■ EXERCISE DIRECTIONS ■
Nothing outside the range is to be copied. From the entries below, reproduce exactly the lines starting at the one with "I'm gonna be" and ending at the one with "Another thing you", without pictures.

Collected data:
---*---
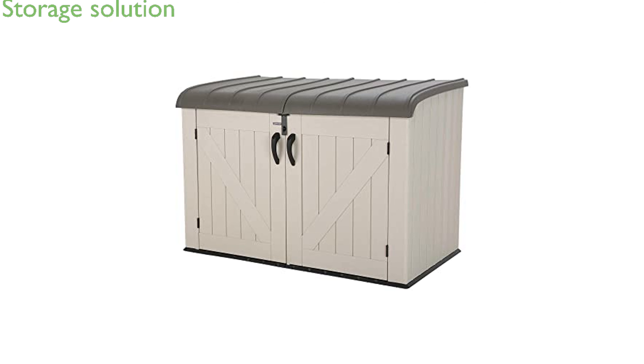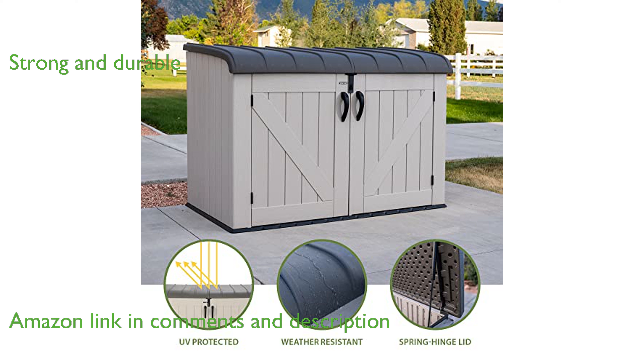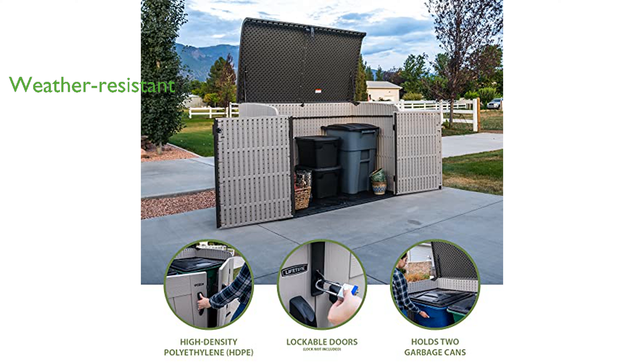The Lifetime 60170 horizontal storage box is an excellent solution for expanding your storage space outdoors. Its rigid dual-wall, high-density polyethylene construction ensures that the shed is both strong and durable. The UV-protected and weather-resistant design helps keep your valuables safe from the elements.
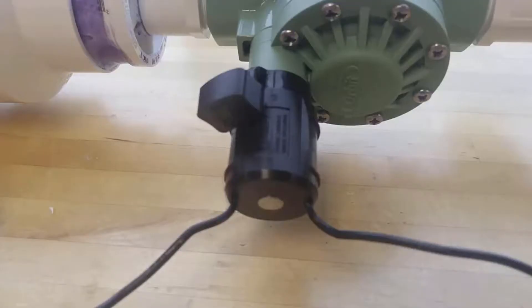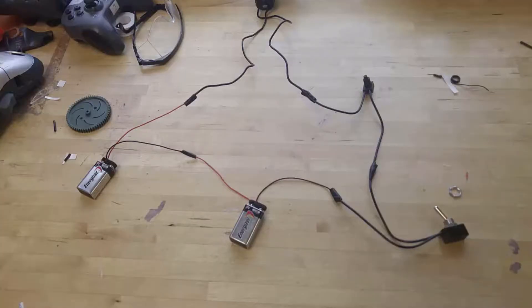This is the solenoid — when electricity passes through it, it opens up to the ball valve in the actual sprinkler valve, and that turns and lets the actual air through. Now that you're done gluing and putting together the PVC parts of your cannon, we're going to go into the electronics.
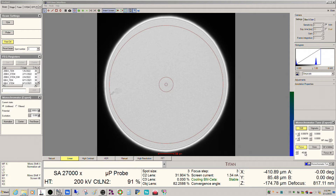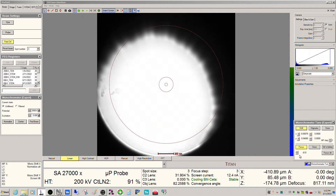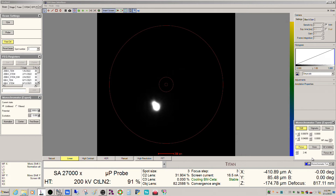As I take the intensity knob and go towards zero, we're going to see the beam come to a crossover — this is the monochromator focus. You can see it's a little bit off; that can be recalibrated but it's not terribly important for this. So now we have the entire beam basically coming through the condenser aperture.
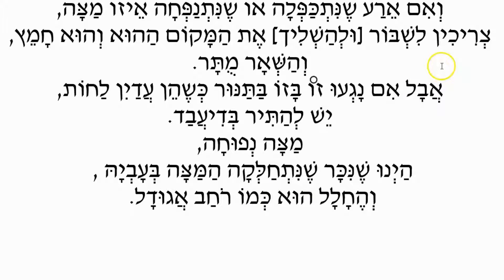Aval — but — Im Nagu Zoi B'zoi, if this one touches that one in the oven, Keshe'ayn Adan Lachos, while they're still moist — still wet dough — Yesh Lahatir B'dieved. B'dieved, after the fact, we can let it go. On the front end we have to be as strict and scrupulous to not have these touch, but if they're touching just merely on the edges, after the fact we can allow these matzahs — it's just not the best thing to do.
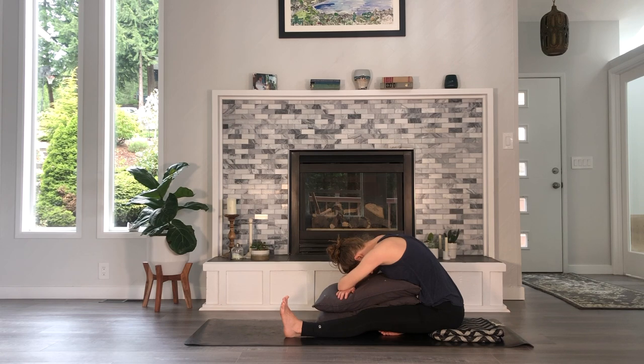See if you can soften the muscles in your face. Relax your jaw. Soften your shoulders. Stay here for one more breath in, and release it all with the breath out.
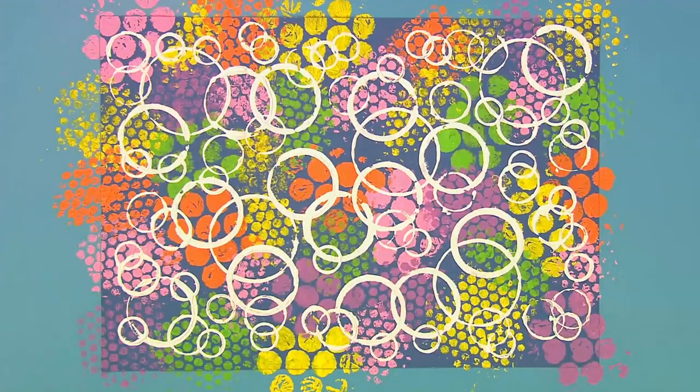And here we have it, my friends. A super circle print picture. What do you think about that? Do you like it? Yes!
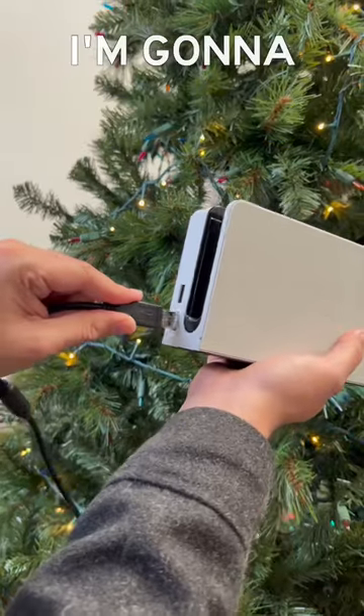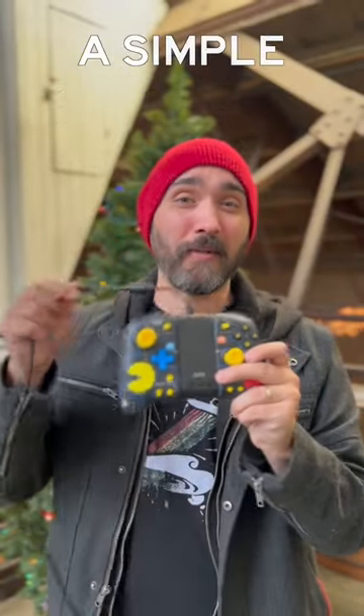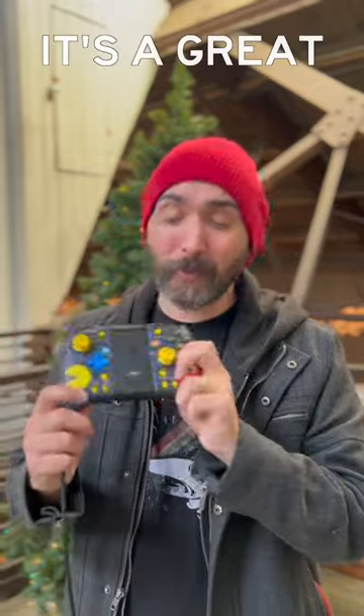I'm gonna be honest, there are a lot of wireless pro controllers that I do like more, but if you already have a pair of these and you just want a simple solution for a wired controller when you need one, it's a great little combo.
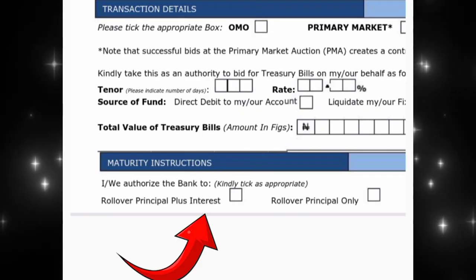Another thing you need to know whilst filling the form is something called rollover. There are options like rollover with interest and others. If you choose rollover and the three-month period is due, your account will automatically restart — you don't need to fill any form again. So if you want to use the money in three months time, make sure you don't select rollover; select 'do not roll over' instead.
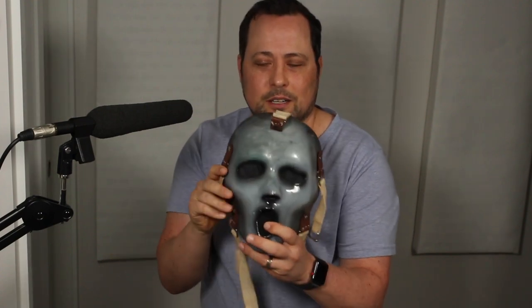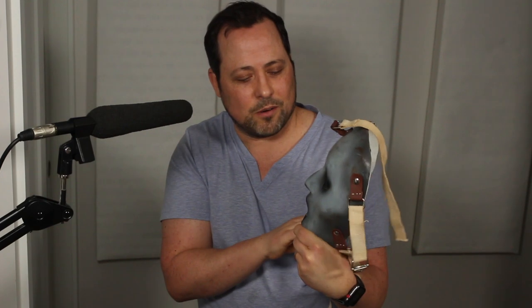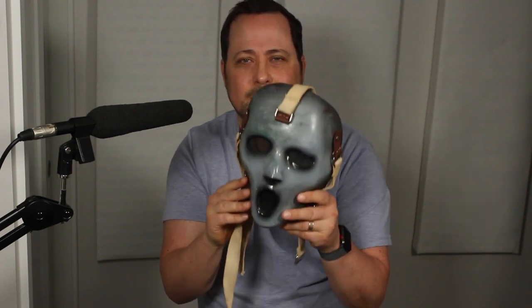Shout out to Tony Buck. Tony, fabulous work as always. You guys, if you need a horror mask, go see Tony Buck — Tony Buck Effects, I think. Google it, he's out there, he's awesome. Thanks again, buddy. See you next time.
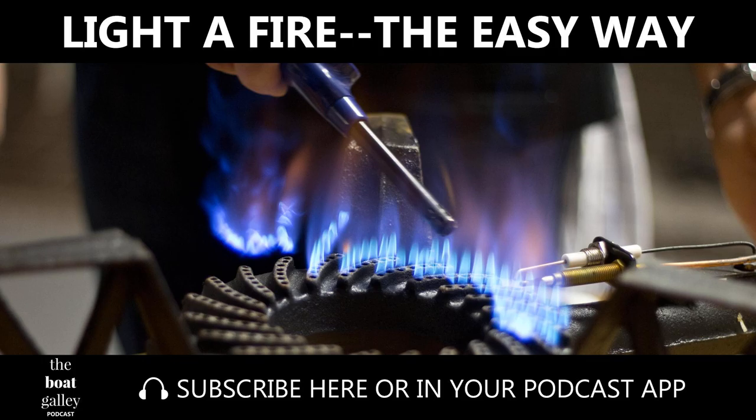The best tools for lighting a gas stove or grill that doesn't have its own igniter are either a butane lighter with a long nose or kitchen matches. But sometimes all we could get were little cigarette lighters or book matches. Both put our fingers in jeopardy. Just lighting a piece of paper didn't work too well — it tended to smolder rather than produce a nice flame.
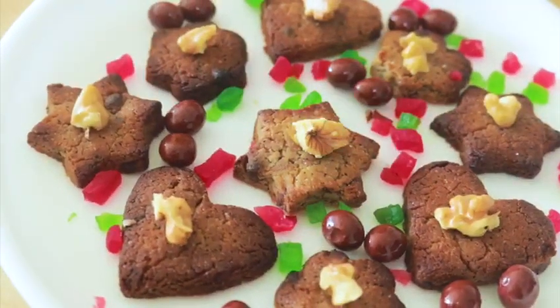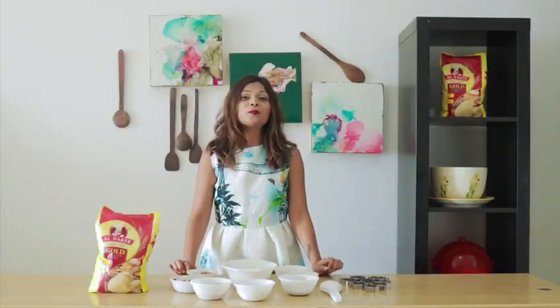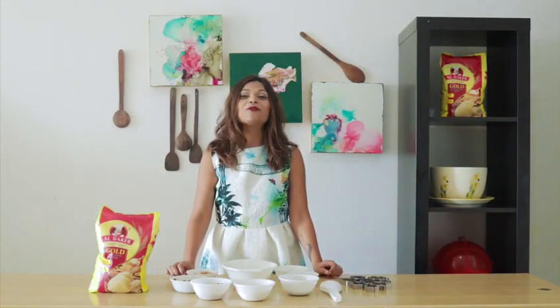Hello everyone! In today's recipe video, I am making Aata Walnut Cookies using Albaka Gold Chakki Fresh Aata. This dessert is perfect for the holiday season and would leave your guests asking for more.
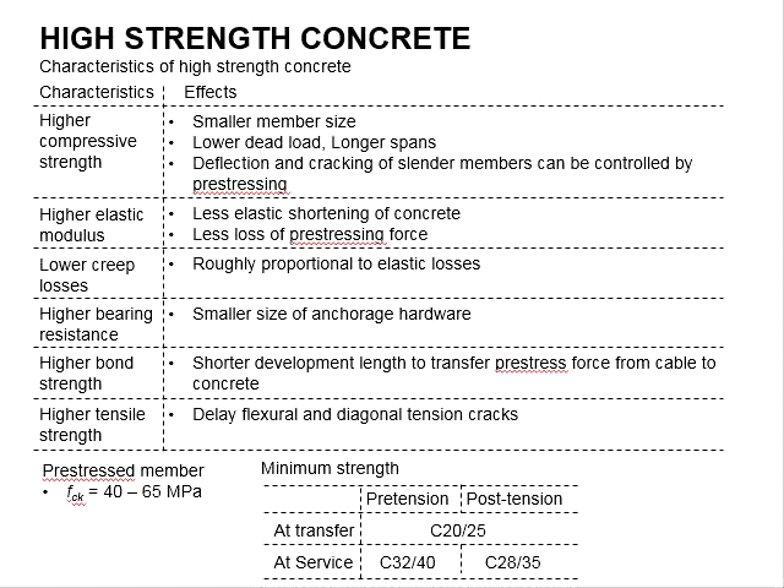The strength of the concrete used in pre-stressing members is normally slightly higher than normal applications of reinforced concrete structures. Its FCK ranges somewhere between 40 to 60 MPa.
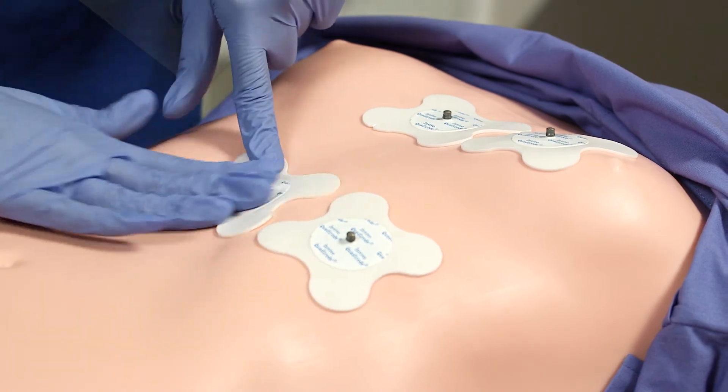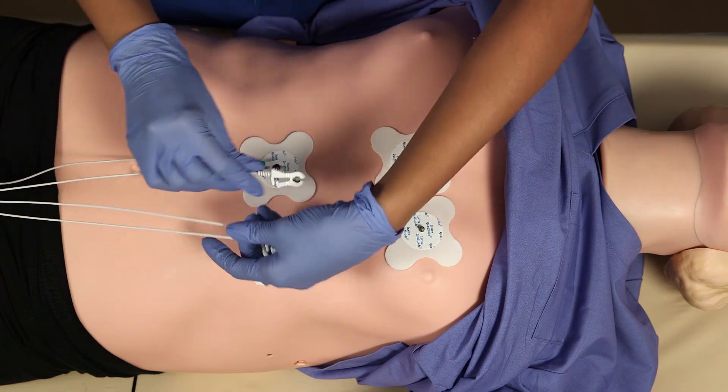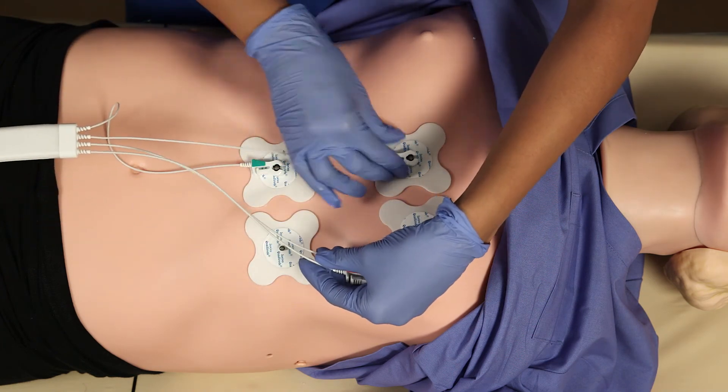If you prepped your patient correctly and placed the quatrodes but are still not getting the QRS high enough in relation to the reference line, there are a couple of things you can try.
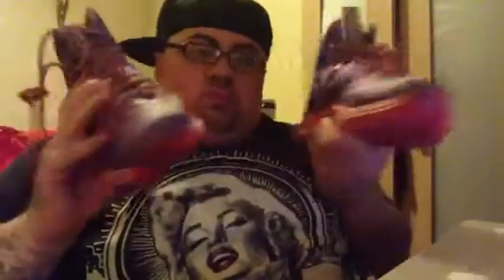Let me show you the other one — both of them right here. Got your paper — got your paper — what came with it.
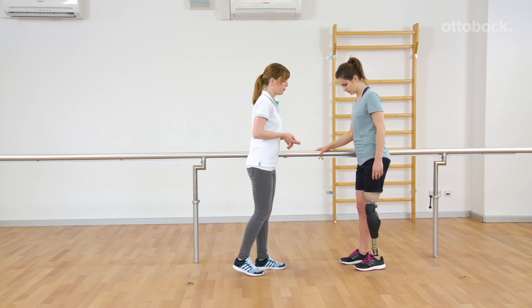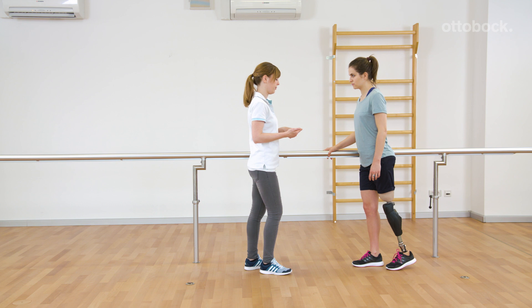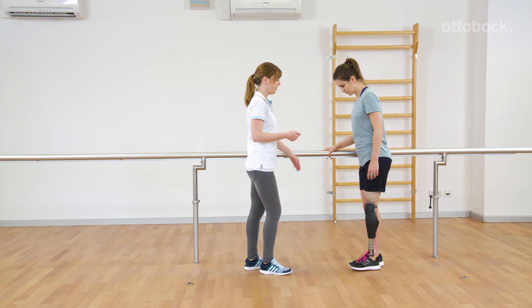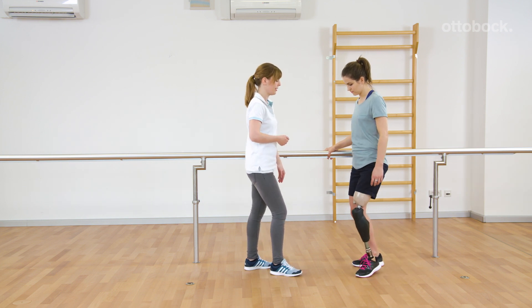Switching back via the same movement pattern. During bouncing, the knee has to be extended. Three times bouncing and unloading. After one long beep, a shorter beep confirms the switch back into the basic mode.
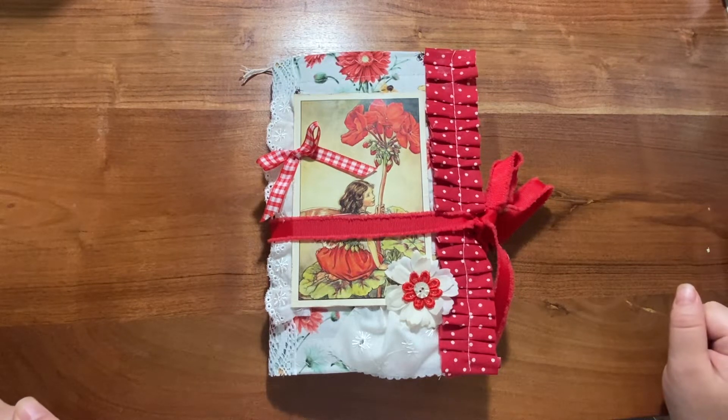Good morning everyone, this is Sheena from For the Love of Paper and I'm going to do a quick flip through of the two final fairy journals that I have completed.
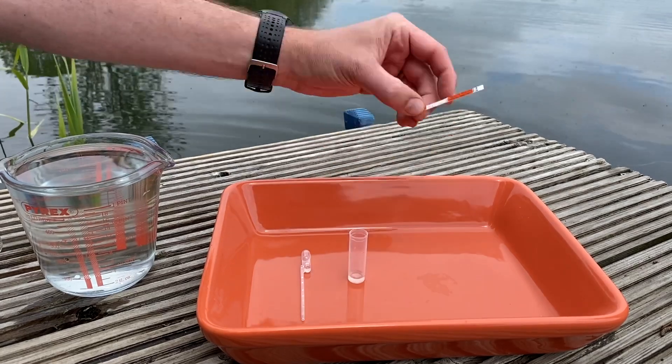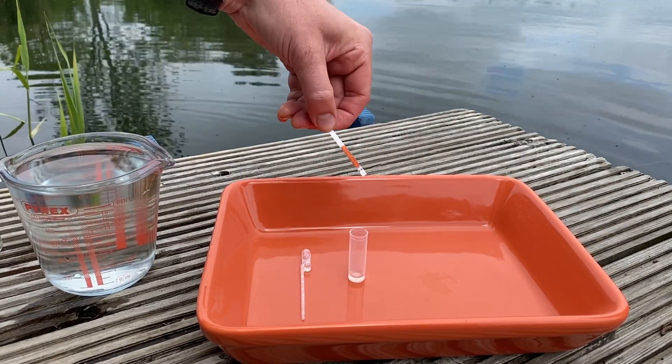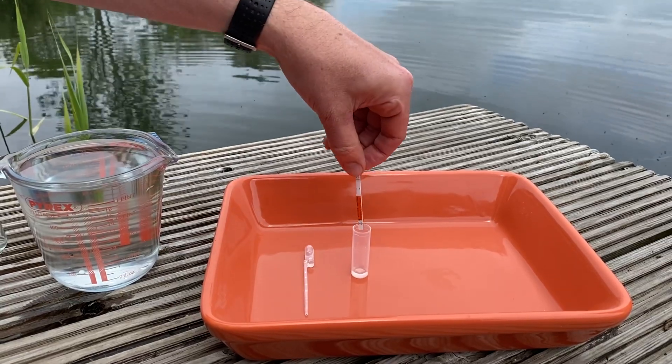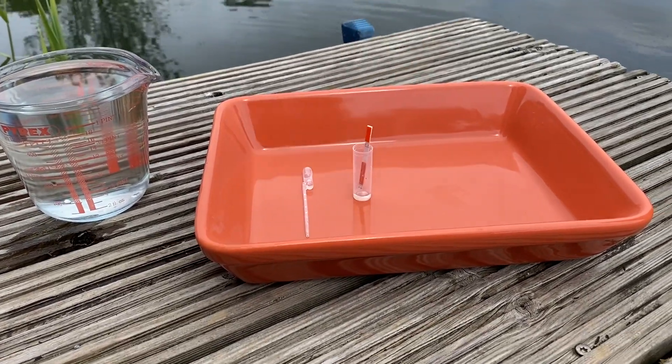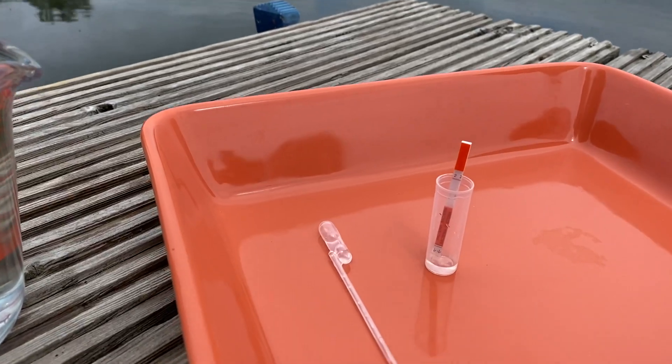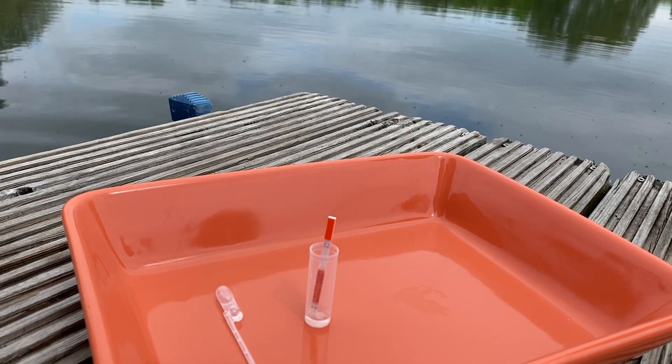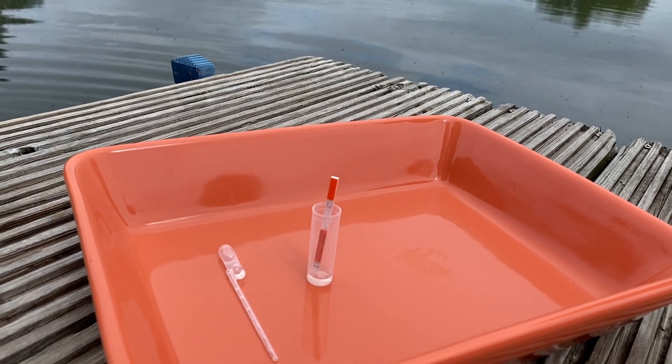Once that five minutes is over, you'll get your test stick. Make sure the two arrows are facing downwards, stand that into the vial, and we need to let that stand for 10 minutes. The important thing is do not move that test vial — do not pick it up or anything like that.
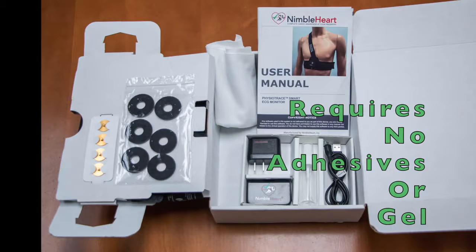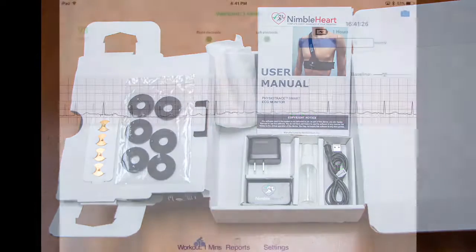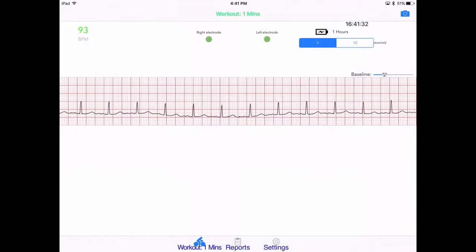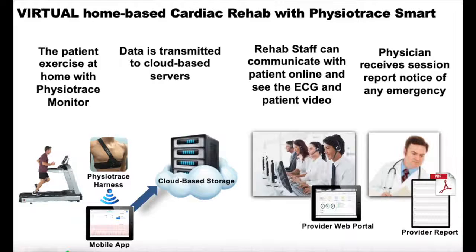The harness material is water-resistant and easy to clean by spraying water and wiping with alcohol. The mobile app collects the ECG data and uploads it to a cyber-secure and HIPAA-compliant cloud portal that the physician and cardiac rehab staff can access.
---*---
■ SOLUTION FOR THIS EXERCISE ■
I'm gonna be honest, there are a lot of wireless pro controllers that I do like more, but if you already have a pair of these and you just want a simple solution for a wired controller when you need one, it's a great little combo.
Another thing you need to know whilst filling the form is something called rollover. There are options like rollover with interest and others. If you choose rollover and the three-month period is due, your account will automatically restart — you don't need to fill any form again. So if you want to use the money in three months time, make sure you don't select rollover; select 'do not roll over' instead.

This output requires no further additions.